薬剤名 | 使用方法(成人) | 注意点 |
オセルタミビル(タミフル) | 内服(1回75mg1日2回、5日間) | 5日間の内服が必要。症状がおちついて内服を自己中断してしまうと再度ウイルスが増殖し、長引くことがあります。 |
バロキサビルマルボキシル(ゾフルーザ) | 内服(体重80kg以上 20mg錠4錠、単回。80kg未満20mg錠2錠、単回) | 1回の内服で治療が完了します。 |
ザナミビル(リレンザ) | 吸入(5mgブリスターを1回2吸入、1日2回、5日間) | 吸入のため、使い方がやや難しく5日間必要。症状がおちついて内服を自己中断してしまうと再度ウイルスが増殖し、長引くことがあります。 |
ラニナミビル(イナビル) | 吸入(20mgを2回吸入、単回) | |
ペラミビル(ラピアクタ) | 点滴(300mgを15分以上かけて単回点滴静注) |
ゾフルーザやイナビルは1回の治療で完了するため、好まれることが多いです。
予防
インフルエンザの予防接種が一定の発症予防効果があります。
日常生活での小まめな手洗い、うがいやマスクの着用などが予防になります。
注意点
学校における出席停止期間については下記の通りとなります。学校保健安全法で規定されており下記の通りとなります。

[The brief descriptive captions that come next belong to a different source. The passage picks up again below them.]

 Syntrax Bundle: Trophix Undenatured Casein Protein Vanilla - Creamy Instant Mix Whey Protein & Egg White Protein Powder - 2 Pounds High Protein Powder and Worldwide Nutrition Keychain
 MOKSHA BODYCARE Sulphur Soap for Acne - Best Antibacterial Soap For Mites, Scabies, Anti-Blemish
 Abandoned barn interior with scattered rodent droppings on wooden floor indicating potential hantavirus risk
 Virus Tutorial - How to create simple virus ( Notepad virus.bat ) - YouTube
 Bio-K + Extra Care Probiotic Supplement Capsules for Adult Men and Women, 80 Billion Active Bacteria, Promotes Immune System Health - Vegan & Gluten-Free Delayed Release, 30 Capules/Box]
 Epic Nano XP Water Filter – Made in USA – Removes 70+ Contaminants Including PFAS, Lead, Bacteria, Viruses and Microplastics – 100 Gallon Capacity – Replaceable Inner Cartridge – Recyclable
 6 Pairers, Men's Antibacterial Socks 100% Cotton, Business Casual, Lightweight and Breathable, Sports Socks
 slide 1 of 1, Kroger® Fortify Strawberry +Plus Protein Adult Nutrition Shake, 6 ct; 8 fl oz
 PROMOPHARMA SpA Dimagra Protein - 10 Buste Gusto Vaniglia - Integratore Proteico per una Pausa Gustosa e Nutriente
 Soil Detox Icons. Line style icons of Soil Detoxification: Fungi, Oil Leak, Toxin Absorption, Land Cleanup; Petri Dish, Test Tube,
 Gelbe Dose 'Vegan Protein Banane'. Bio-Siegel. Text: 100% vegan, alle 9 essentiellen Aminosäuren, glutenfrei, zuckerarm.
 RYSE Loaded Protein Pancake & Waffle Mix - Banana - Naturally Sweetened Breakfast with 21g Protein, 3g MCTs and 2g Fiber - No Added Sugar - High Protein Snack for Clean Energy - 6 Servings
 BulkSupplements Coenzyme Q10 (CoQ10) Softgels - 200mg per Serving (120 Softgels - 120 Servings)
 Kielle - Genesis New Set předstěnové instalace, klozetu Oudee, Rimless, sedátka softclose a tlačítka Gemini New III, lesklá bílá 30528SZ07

小学校、中学校、高等学校、義務教育学校、中等教育学校、特別支援学校、大学、高等専門学校
学校保健安全法でインフルエンザ出席停止期間は
①発症後 5 日を経過(症状が出現した発症日を0日とする)
②解熱した後2日(熱が下がり平熱となった日を0日とする)
を満たす必要があります。
専門学校
専門学校は学校教育法の学校には指定されていないため、学校保健安全法では出席停止期間などは定められておらず、専門学校独自で規定があると思われるため、専門学校への確認が必要です。
幼稚園・保育園
幼児の場合は学校保健安全法でインフルエンザ出席停止期間は
①発症後 5 日を経過(症状が出現した発症日を0日とする)
②解熱した後3日(熱が下がり平熱となった日を0日とする)
を満たす必要があります。
職場
会社はインフルエンザに関する法律はないため、会社毎の就業規則によります。
多くの会社では、学校保健安全法に基づき、「発症後5日を経過」かつ「解熱した後2日」を出勤停止に定めていることが多いですが、規定のない場合や会社により出勤停止のルールが異なるため、勤務する会社の就業規則を確認する必要があります。